It is a truth universally acknowledged that Jews love their food. It is also fair to say that many members of the tribe like to drive when they dine out. But, if you get the chance to enjoy the 10-course tasting menu at Kitchen Theory, the car is definitely best left at home.
Down the road from Barnet’s town centre, in the lobby of an old Victorian warehouse, my husband and I made the acquaintance of our eight fellow diners – all of whom were foodies and interested in unusual gastronomic experiences.
We watched a video explaining the principles behind the Chef’s Table multisensory dining experience, which takes its inspiration from science, gastronomy, nature and art.
To further explain and test out this reasoning, chef Jozef Youssef –
who has worked at some of London’s top Michelin starred restaurants, establishing Kitchen Theory in 2010 – got us to taste some unusual nibbles, including a flavoured piece of paper, noting who was a ‘non-taster’ (this was apparently sometimes a good thing) and who was a ‘supertaster’.
Jozef has collaborated with experimental psychologist professor Charles Spence of Oxford University, who has carried out research proving the interrelation of all the senses. A case in point was when we tried a jelly bean while wearing a nose clamp and then with it removed; we surprised ourselves at how much all the senses inform our perception of flavour.
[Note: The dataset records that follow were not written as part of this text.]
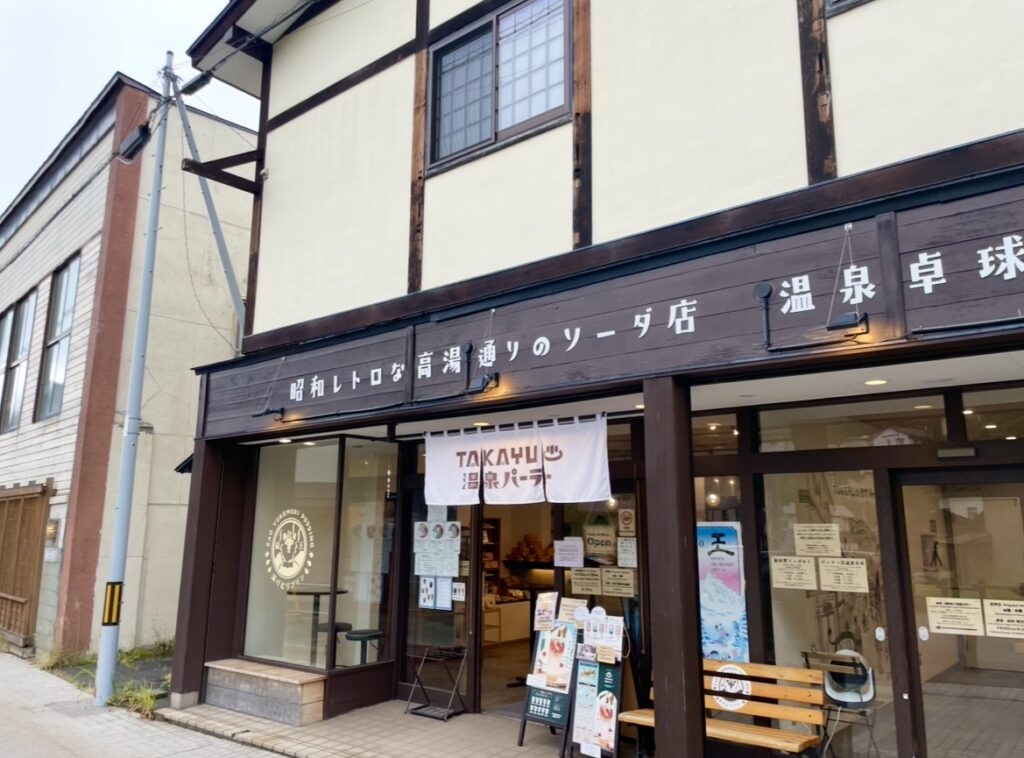 蔵王温泉にあるTAKAYUパーラーの外観。木造のレトロな店構えに「温泉パーラー」の暖簾が掛かり、昭和レトロ風の看板が並ぶ。ガラス越しにカウンターやメニューが見える、高湯通りの人気カフェスポット。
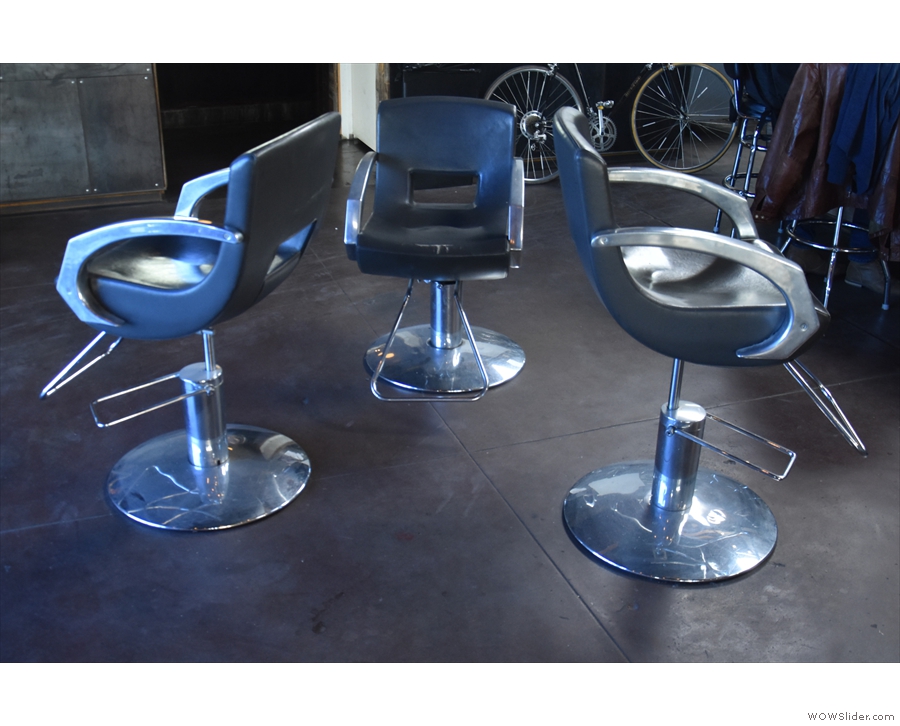 ... and this strange arrangement of three barber-style chairs in the centre.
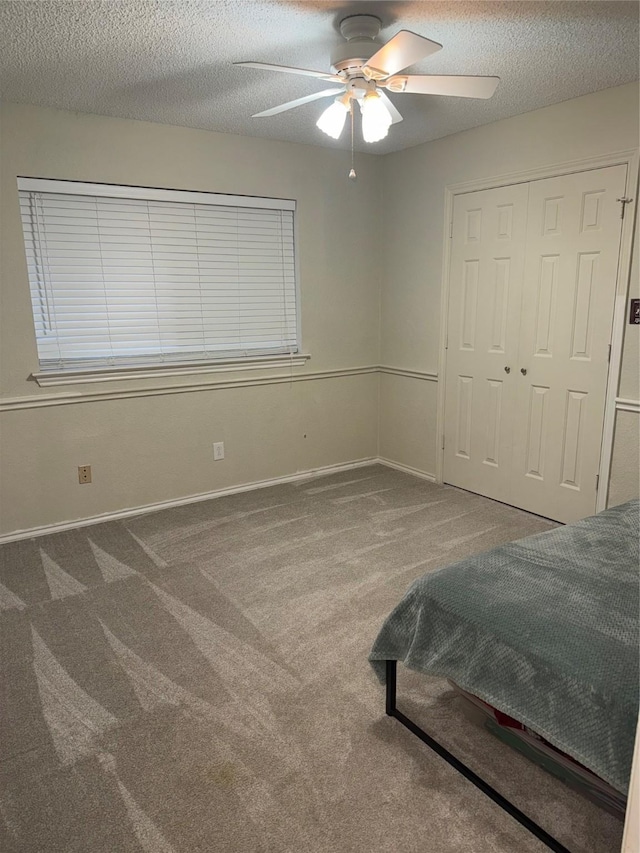 4809 Westhaven Rd, Arlington, TX 76017 - unfurnished bedroom with carpet flooring, a textured ceiling, ceiling fan, baseboards, and a closet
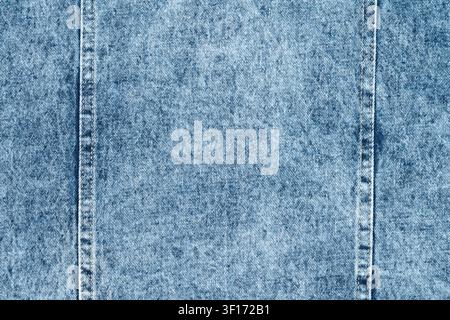 Detailed macro shot of light blue acid wash denim fabric. Classic textile background shows rough texture, diagonal weave, and two vertical seams. Retr Stock Photo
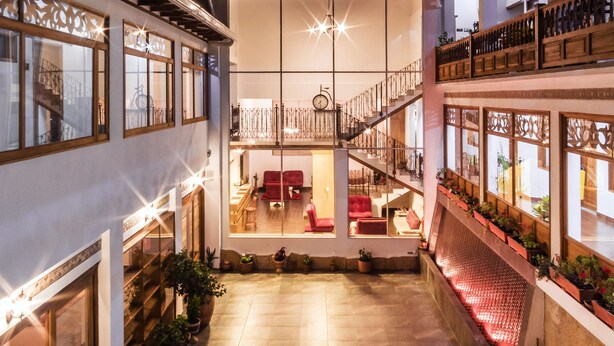 A spacious courtyard with a central staircase, potted plants, and a seating area. - Hotel El Giro (Villa de Leyva)
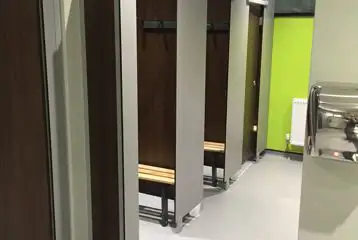 Showers with space for getting changed and benches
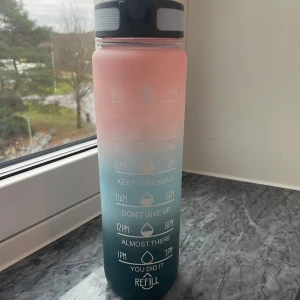 En färgglad vattenflaska  - Bilderna visar en färgglad vattenflaska med motiverande tidsmarkeringar och en praktisk flip-lock-kork. Flaskan har en snygg ombre-design i rosa och blått och ser ut att vara i mycket gott skick utan synliga defekter eller slitage. Perfekt för att hålla koll på vätskeintaget under dagen.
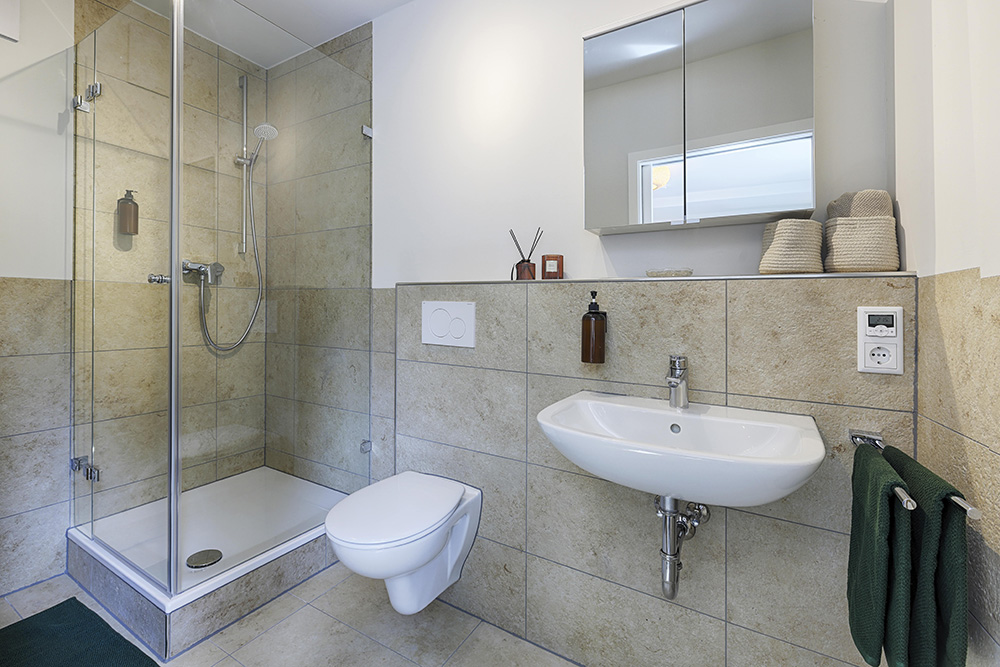Ferienwohnung Würzburg Badezimmer grau modern-min Badezimmer einer Ferienwohnung in Würzburg mit Dusche und grauen Fliesen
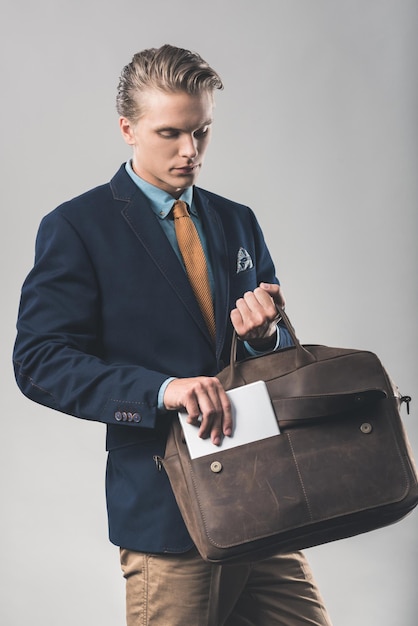 Handsome young businessman with stylish leather briefcase and tablet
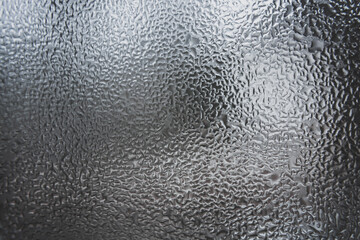 Abstract pattern of melt water on the window glass.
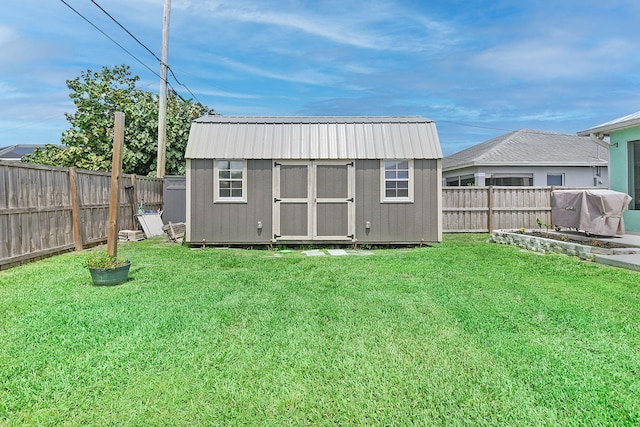 1037 SW Romaine Ln, Port Saint Lucie, FL 34953 - view of shed featuring a fenced backyard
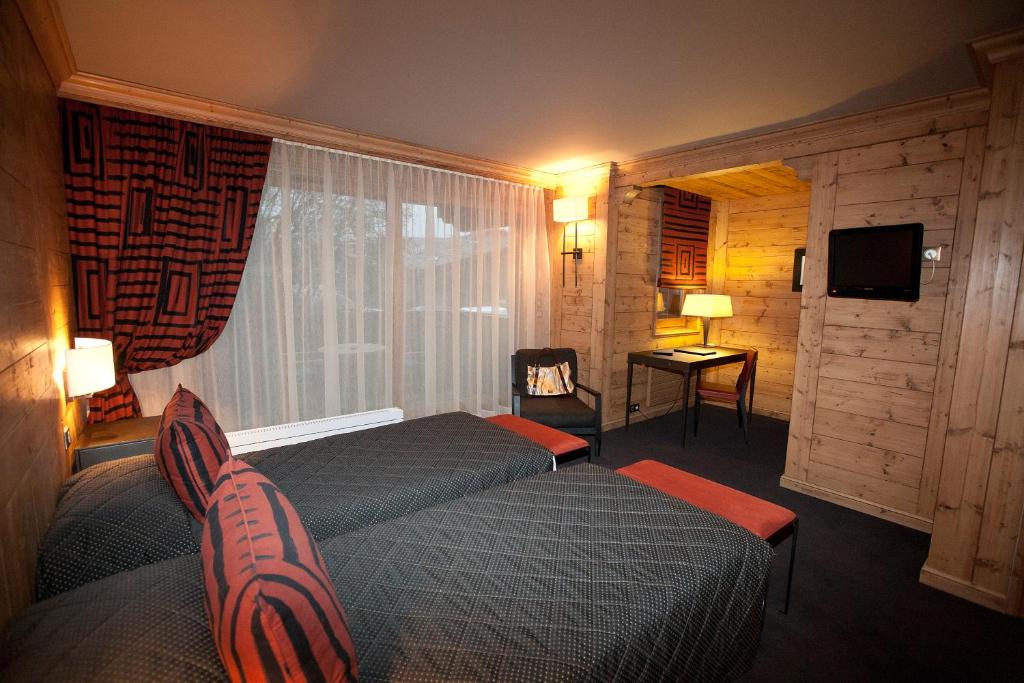 a hotel room with two beds and a window at Hotel Le Samoyede in Morzine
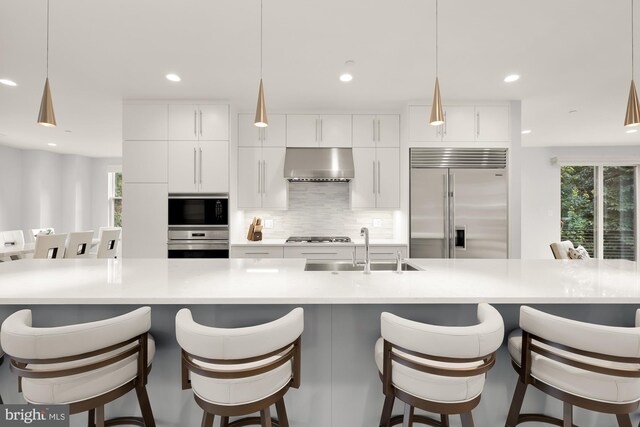 kitchen featuring wall chimney exhaust hood, appliances with stainless steel finishes, a kitchen bar, and sink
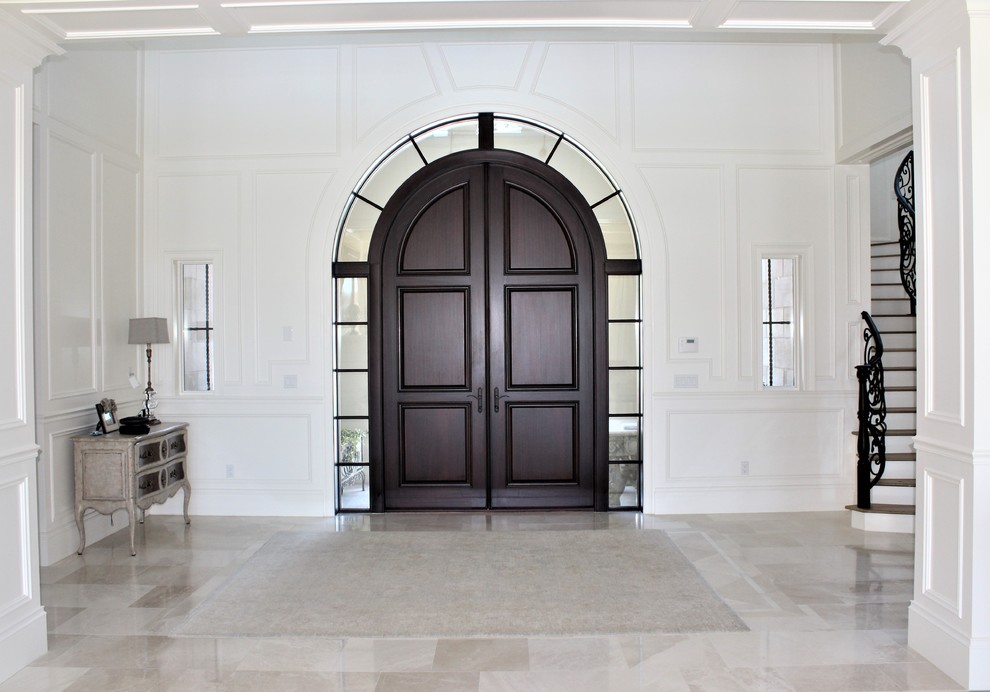 Inspiration for a mid-sized transitional porcelain tile and beige floor front door remodel in Miami with white walls and a dark wood front door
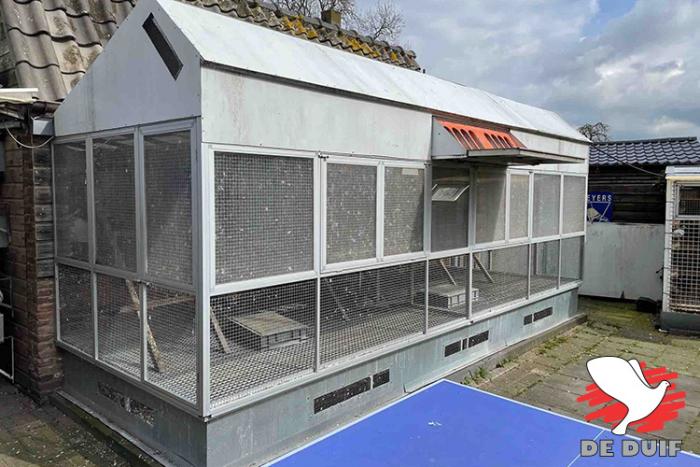 Hok van de overjarige vliegers met volière waarvan de bovenkant is afgeschermd met on- doorzichtige platen. Het bovenste deel van de voor- en zijkant bestaat uit windbreekgaas en de onderste 60 cm is open.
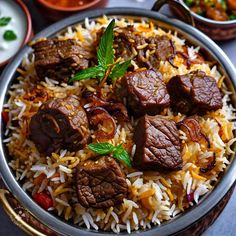 a close up of a plate of food with meat and rice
This was further illustrated with the colours of food; we were given identical looking nibbles with notably different tastes. In our second course, we appraised shape, texture, flavour and mouthfeel to evaluate whether the ox cheek encased in a pillowy doughnut or the octopus with
a blue corn tostada (we had a vegetarian option) was a ‘bouba’ or ‘kiki’ taste (these made-up words relate to a round or spiky shape).
Food was immaculately presented and, at times, served on the large oval table – somewhat dispensing with traditional table manners. Regular cutlery was not always used, in a thought-out effort to encourage mindful eating and challenge our preconceived ideas about food.
Quetzelcotal, the third course, named after a god represented as a feathered serpent in Mesoamerican culture, served up corn, beans and chilli in an elaborate honeycomb cell design, which we ate with our hands.
Images were projected onto the table to enhance the visual experience. During the course entitled Ryujin’s Servant (Ryujin was lord of the sea in ancient Japanese mythology), while we had the vegetarian option, one diner was surprised to find herself enjoying jellyfish – which Jozef explained should become more widely offered as a sustainable food source.
Served in delicate glass dishes, the course included fermented cucumber and seaweed, and projections turned the table into an ocean scene, with underwater sounds delivered through headphones. This concept of ‘sonic seasoning’ seeks to discover whether sound affects one’s sense of taste.
In Scriptura Vitae, the rich black risotto mimicked the work of artist and film-maker Aerosyn-Lex Mestrovic, whose video we had watched earlier, and was topped with a small golden-coloured square of chickpea tempeh.
Tsumikasa was an ‘earthy’ course and my favourite savoury one – New Jersey Royal potatoes with truffle and shallots served on tree trunk discs accompanied by a beautiful Valpolicella Ripasso. Accompanying the image projected onto the table were piped in sounds and smells of the forest.
Jastrow’s Bite, meanwhile, with the optical illusion of the rabbit depicted on the plate – or was it a duck? – emphasised the theory that flavour, like art, is a matter of perspective.
To translate fear, lightbulbs with working lights were smashed (Shattered Glass course) and their shards (sugar) placed atop our rhubarb ice cream served with white chocolate. Vanilla and the bee course served up torrija – a delicious and delicately sweet Spanish-style French toast – with honey kombucha, a drink made out of fermented tea.
Finally, the Sensploration course, consisting of Irish cream and cheesecake, sought to determine whether the type of glassware and feel (we were encouraged to feel a ‘texture cube’ while eating) used affects the perception of taste.
Individual portions were relatively small but well considered and, towards the end of the meal, we were feeling extremely full – some of the courses are considerably rich.
The cost isn’t cheap – £180 per person – but alcohol, which is paired with the food, is plentiful, and dining at Kitchen Theory is not your average Saturday night experience of eating out.